Another take on The Great Divorce
Thanks for this post, Brent. I want to pick up on question 3 - about the possibility of grace extending beyond this life. Jurgen Moltmann makes a fascinating point about the Greek icons of The Harrowing of Hell, where Jesus is depicted leading a triumphal procession out of hell. His point (at least, as I took it to be!) is that the love of God in Jesus Christ refuses to be shut off or out by human refusal and continues as offer and invitation.
I read Good Friday as being the full and final human "No" to God that begins in the story of the Garden. Taking the parable of the vineyard owner, it seems to me that the crucifixion of Jesus (God incarnate) is our final refusal of God. Our world has no place for God. That is the significance of the crucifixion. Jesus weeps over Jerusalem because the inhabitants did not recognise their kairos - the time of God’s visitation. God visits, with a "final offer" and our "final word" is No. The death of Jesus is the nadir of human hope. It leaves us Godforsaken - by human choice.
Resurrection is God’s "final word". Out of the ashes of the death of everything - all hope, promise and possibility of salvation - God raises Jesus from the dead.
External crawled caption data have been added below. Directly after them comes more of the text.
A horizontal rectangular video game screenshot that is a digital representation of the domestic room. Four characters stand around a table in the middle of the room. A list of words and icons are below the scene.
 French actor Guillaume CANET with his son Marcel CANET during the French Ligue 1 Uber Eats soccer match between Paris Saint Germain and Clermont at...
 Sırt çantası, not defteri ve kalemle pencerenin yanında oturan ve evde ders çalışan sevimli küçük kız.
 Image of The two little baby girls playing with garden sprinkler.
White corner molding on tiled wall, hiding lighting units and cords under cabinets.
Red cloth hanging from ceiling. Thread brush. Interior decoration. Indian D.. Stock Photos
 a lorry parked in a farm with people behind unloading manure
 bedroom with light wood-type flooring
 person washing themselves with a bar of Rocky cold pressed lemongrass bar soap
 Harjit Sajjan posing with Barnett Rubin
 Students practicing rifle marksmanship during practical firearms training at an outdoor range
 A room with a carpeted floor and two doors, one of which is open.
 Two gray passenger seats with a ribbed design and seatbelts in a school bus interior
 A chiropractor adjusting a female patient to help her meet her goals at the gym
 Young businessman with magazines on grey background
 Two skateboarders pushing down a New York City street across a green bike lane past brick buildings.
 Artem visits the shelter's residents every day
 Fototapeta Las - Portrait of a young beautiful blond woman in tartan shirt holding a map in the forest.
Death is the telos of sin because it represents the ultimacy of human rejectoion of God. But the Last Word is not our rejection. There is another Word that God has still to speak - the word of forgiveness and resurrection.
If, therefore, human rejection of God in the killing of God’s son is not enough to cut us off ultimately from God, then neither is death. God’s offer of Life in Christ continues. As Paul says, not even death can cut us off from the love of God which is in Christ Jesus.
Let us assume, with Moltmann, that there is such a thing as hell - human lostness - which is about the voluntary self-cutting off of ourselves from God. But what, if for all eternity, God’s love is directed towards us? Then death is not the final point of decision. Like the characters in The Great Divorce, there is the possibility of changing one’s mind.
This answers, for me, the otherwise baffling question of "Where is Hell?" I don’t mean geographically: I mean what part of reality can be godforsaken for all eternity and allow God to be God? Isn’t to be God to "fill all things"? On my reading above, hell is not Godforsaken. That seems to me to be part of the enormous wonder of the resurrection: there is nowhere that is God-abandoned or a no-go for Christ.
These are just musings and puzzlings, and I’d like to know what others think.